-- WHAT THE EXERCISE ASKS --
In the answer, each line must appear exactly as in the records, and no picture may appear.

Brief descriptive captions:

******************************

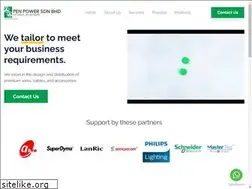 Sites similar to penpower.com.my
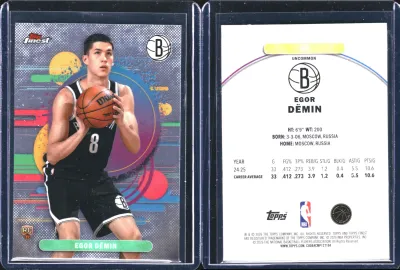 Egor Demin card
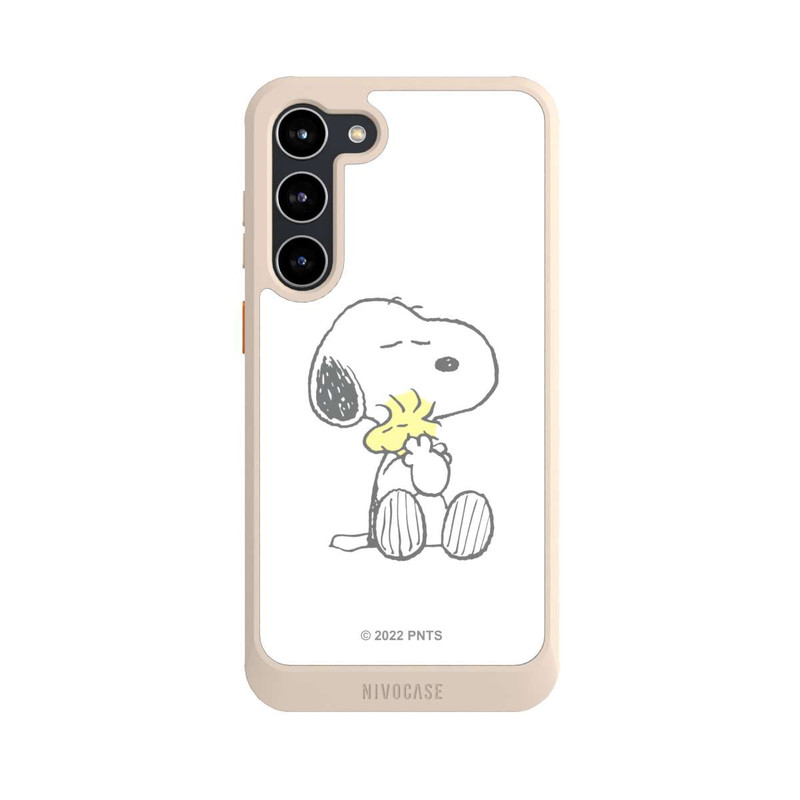 Galaxy S23 + NIVOcore Snoopy And Woodstock kuscheln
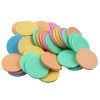 Jetoane scolare colorate din plastic, 80 buc/set, NEBO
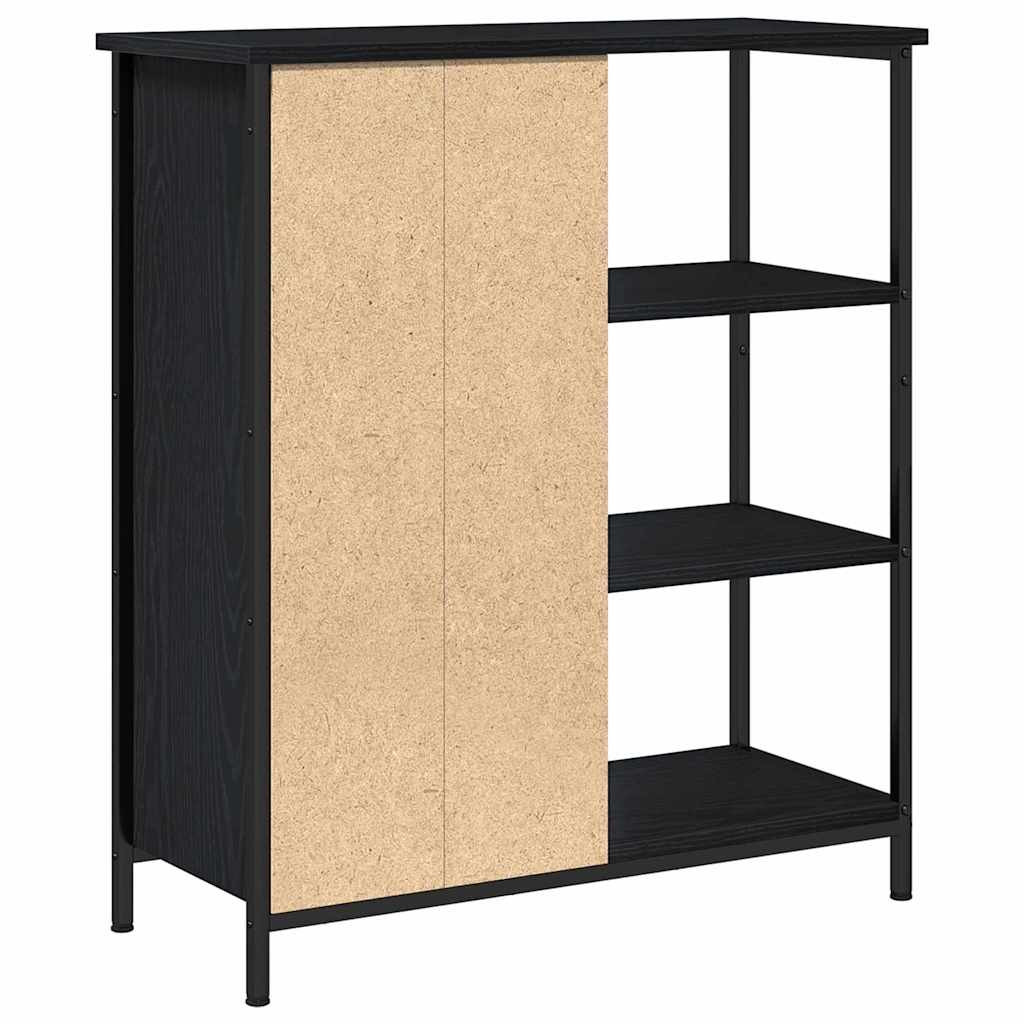Széf Fekete tölgy 70 x 30 x 80 cm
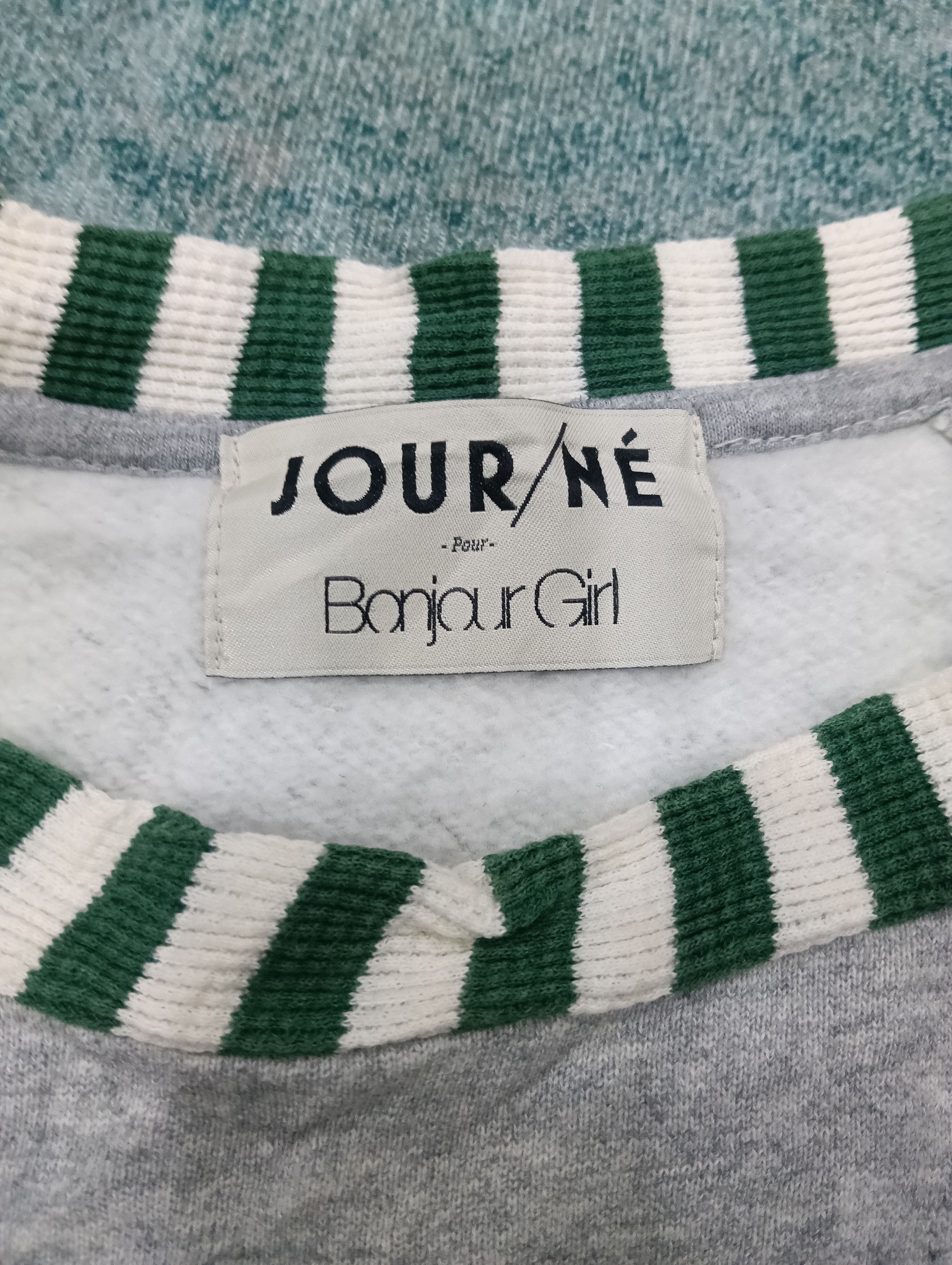 Hysteric Glamour × Japanese Brand Jour/ne Made In Japan Like Sweatshirt Size L / US 10 / IT 46 - 7 Thumbnail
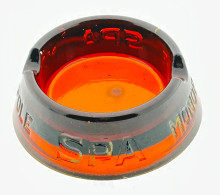 Ancien Cendrier En Verre De Spa Monopole. - Glass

******************************

-- WRITTEN SOLUTION --
 Sites similar to penpower.com.my
 Egor Demin card
 Galaxy S23 + NIVOcore Snoopy And Woodstock kuscheln
 Jetoane scolare colorate din plastic, 80 buc/set, NEBO
Széf Fekete tölgy 70 x 30 x 80 cm
 Hysteric Glamour × Japanese Brand Jour/ne Made In Japan Like Sweatshirt Size L / US 10 / IT 46 - 7 Thumbnail
 Ancien Cendrier En Verre De Spa Monopole. - Glass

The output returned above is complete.